SECOND. The location and post office address of its registered office in this Commonwealth is 90-92 Main Street, Wellsboro, Pennsylvania 16901. [revised June 8, 2004]
THIRD. The corporation is incorporated under the provisions of the Business Corporation Law, the Act approved May 5, 1933, P.L. 364, as amended. The purpose of the Corporation is and it shall have unlimited power to engage in and to do any lawful act concerning any or all lawful business for which corporations may be incorporated under such Act.
FOURTH. The term of the Corporation’s existence is perpetual.
FIFTH. The total number of shares of all classes of the capital stock that the Corporation has the authority to issue is 20,030,000, of which 20,000,000 shall be common stock, $1.00 par value per share, and 30,000 shall be preferred stock, $1,000.00 par value per share. The shares may be issued by the Corporation from time to time as authorized by the board of directors without the approval of the stockholders except as otherwise provided in this Article FIFTH or to the extent that such approval is required by governing law, rule or regulation. The consideration for the issuance of the shares shall be paid in full before their issuance and shall not be less than the par value per share. Neither promissory notes nor further services shall constitute payment or part payment for the issuance of shares of the Corporation. The consideration for the shares shall be cash, tangible or intangible property (to the extent direct investment in such property would be permitted), labor or services actually performed for the Corporation or any combination of the foregoing. In the absence of actual fraud in the transaction, the value of such property, labor, or services, as determined by the board of directors of the Corporation, shall be conclusive. Upon payment of such consideration, such shares shall be deemed to be fully paid and non-assessable. In the case of a stock dividend, the part of the surplus of the Corporation that is transferred to stated capital upon the issuance of shares as a share dividend shall be deemed to be the consideration for their issuance.

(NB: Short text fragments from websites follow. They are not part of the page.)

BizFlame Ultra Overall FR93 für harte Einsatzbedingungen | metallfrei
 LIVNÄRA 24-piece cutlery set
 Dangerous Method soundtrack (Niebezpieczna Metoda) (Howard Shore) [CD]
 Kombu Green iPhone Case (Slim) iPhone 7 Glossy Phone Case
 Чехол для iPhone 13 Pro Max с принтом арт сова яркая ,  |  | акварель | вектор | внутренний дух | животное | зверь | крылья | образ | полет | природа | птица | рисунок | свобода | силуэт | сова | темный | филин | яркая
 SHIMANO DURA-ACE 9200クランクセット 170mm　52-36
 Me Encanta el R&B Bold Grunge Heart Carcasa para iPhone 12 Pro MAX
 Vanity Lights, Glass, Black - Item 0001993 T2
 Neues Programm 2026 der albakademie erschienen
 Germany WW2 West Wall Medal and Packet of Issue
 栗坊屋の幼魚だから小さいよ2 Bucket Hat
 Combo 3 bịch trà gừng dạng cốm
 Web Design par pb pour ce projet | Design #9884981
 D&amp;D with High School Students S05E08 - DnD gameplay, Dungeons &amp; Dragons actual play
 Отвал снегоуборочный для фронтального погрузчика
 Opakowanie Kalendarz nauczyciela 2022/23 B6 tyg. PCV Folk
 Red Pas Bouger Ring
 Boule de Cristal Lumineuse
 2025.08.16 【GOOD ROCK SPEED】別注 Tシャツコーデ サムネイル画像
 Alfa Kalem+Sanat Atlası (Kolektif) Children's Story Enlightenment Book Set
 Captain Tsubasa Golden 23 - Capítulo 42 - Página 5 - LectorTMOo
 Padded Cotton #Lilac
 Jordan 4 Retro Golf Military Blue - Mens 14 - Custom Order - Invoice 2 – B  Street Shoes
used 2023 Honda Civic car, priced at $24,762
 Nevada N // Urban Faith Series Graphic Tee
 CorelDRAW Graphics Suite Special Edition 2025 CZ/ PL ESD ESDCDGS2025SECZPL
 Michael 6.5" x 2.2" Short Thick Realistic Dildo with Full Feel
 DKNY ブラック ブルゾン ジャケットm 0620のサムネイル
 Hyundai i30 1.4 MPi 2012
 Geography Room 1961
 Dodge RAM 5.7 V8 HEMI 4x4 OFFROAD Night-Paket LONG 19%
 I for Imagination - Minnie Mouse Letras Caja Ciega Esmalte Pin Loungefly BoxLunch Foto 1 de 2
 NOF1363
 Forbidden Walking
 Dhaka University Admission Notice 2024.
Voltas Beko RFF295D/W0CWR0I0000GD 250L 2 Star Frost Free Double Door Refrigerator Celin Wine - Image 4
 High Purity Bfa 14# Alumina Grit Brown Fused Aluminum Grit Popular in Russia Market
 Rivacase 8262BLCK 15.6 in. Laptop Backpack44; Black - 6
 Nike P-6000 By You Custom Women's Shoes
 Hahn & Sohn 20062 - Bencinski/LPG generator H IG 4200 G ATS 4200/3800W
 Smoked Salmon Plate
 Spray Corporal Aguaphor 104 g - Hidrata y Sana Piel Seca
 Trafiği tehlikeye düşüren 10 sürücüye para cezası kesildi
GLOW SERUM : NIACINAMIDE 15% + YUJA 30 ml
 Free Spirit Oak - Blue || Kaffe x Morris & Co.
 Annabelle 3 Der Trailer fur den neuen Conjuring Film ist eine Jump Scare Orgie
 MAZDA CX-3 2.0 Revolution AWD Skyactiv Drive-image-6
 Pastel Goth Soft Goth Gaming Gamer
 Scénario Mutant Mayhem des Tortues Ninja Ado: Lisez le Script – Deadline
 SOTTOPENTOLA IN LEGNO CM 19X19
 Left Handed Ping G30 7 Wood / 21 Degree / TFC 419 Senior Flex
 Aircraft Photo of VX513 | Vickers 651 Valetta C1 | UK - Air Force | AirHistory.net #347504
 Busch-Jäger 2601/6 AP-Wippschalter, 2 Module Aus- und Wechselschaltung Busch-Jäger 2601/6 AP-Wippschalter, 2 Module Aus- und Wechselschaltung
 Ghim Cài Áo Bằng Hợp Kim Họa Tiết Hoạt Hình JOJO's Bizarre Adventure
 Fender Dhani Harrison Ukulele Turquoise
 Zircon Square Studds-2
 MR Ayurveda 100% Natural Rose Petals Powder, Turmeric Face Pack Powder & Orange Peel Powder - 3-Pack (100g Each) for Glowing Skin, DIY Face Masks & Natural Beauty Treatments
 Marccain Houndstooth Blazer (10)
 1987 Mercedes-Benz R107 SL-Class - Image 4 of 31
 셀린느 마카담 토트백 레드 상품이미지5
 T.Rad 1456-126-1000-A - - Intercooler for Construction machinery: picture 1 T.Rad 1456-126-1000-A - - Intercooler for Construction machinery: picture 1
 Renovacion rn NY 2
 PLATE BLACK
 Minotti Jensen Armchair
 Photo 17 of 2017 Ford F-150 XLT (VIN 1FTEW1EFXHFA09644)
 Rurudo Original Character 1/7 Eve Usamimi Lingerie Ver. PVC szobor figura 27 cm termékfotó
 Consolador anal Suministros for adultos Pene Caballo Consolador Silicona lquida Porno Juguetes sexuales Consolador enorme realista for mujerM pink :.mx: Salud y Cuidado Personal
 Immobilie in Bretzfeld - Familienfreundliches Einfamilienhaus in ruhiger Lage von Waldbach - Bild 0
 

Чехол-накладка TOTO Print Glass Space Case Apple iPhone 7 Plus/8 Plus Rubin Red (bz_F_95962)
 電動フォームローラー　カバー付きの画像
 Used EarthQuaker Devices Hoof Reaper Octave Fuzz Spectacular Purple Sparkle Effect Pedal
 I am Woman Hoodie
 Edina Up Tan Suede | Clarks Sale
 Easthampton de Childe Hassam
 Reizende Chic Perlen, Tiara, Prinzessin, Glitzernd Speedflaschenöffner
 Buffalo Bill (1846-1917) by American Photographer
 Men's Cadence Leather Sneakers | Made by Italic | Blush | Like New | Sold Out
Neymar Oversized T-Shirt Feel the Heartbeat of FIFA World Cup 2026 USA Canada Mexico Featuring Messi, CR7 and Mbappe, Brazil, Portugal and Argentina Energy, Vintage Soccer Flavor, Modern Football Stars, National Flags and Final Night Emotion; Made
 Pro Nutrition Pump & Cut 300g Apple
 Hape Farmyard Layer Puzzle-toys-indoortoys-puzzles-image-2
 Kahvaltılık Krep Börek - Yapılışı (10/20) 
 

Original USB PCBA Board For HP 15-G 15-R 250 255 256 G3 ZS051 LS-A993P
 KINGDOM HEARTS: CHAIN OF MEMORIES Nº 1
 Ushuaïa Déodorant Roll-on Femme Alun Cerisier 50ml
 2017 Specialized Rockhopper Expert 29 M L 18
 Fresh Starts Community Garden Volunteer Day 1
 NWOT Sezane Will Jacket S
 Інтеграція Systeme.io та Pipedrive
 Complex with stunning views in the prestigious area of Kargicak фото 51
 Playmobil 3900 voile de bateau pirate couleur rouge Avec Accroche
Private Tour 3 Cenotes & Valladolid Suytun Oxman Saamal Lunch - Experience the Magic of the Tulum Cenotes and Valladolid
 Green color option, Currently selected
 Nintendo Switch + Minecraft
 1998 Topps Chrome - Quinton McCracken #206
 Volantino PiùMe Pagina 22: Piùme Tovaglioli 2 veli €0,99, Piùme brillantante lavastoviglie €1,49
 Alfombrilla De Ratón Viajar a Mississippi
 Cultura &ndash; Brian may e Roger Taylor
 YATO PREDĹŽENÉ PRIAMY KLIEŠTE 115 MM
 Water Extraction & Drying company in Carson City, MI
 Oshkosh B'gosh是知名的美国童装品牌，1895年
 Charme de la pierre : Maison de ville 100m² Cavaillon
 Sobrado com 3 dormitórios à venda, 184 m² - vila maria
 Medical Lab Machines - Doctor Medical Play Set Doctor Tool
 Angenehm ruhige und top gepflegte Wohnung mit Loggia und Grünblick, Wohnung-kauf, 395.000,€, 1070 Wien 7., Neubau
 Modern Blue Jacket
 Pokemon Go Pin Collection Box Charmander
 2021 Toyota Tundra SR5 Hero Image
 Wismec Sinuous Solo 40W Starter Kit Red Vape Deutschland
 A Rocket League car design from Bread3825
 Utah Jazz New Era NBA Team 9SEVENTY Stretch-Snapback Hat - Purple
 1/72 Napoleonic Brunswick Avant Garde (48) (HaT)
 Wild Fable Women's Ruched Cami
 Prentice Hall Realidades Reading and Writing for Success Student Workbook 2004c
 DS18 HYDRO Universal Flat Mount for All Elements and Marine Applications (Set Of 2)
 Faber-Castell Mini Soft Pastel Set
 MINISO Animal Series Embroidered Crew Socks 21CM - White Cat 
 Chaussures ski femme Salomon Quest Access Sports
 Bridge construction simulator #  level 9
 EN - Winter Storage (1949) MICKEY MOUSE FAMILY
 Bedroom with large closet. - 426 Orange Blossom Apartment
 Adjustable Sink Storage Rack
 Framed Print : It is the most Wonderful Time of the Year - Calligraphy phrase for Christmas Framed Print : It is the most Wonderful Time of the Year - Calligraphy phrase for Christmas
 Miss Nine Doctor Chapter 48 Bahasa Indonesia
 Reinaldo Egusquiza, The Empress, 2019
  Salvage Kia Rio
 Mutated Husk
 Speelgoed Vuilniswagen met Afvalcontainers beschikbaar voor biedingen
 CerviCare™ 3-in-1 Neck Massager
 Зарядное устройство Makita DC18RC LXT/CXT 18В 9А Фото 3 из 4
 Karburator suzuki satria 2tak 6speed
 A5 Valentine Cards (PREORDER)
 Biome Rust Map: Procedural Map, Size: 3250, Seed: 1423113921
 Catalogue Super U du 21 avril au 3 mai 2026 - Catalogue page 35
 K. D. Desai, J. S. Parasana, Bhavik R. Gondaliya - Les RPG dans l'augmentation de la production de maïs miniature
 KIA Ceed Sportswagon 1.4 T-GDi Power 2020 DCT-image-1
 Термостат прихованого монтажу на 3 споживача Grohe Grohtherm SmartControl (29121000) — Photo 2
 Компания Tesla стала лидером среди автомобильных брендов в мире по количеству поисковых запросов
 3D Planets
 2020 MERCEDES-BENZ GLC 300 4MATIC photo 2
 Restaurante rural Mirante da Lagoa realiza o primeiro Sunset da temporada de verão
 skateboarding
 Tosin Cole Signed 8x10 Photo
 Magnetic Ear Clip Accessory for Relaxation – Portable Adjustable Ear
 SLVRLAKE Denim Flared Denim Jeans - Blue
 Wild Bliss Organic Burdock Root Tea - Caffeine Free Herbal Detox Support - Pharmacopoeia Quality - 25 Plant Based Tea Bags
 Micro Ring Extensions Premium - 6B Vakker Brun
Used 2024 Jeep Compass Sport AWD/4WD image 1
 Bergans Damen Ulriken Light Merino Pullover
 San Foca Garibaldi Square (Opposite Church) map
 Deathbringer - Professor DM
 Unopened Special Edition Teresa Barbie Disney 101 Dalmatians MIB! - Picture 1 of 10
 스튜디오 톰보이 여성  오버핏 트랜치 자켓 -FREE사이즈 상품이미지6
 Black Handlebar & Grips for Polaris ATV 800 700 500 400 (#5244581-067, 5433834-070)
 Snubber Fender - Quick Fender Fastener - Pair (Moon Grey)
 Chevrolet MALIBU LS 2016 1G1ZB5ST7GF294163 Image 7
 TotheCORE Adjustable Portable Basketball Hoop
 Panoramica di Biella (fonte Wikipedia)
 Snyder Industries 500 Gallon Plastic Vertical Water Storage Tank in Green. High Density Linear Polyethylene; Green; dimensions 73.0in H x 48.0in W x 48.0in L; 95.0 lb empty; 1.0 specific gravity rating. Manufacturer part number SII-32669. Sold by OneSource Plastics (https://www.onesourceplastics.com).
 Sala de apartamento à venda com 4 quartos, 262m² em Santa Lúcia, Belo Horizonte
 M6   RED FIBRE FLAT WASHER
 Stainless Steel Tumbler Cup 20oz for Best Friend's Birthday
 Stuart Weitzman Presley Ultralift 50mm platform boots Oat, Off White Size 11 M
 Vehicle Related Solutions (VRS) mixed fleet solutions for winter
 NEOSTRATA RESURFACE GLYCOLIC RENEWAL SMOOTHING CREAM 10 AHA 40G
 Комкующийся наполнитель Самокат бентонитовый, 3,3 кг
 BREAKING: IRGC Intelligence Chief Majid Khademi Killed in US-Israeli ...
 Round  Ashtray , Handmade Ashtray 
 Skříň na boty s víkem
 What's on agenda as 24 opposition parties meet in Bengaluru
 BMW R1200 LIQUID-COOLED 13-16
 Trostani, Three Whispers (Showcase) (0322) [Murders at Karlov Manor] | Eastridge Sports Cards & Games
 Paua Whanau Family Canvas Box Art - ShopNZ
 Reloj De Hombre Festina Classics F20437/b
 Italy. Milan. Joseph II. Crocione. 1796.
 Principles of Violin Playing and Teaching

     Nothing contained in this Article FIFTH (or in any supplementary sections hereto) shall entitle the holders of any class of a series of capital stock to vote as a separate class or a series or to more than one vote per share; provided, that this restriction on voting separately by class or series shall not apply; (i) to any provision that would authorize the holders of preferred stock, voting as a class or series, to elect some members of the board of directors, less than a majority thereof, in the event of default in the payment of dividends on any class or series of preferred stock, (ii) to any provision that would require the holders of preferred stock, voting as a class or series, to approve the merger or consolidation of the Corporation with another corporation or the sale, lease, or conveyance (other than by mortgage or pledge) or properties or business in exchange for securities of a corporation other than the Corporation if the preferred stock is exchanged for securities of such other corporation; (iii) to any amendment that would adversely change the specific terms of any class or series of capital stock as set forth in this Article FIFTH (or in any supplementary sections hereto), including any amendment that would create or enlarge any class or series ranking prior thereto in rights and preferences. An amendment that increases the number of authorized shares of any class or series of capital stock, or substitutes the surviving Corporation in a merger or consolidation for the Corporation, shall not be considered to be such an adverse change.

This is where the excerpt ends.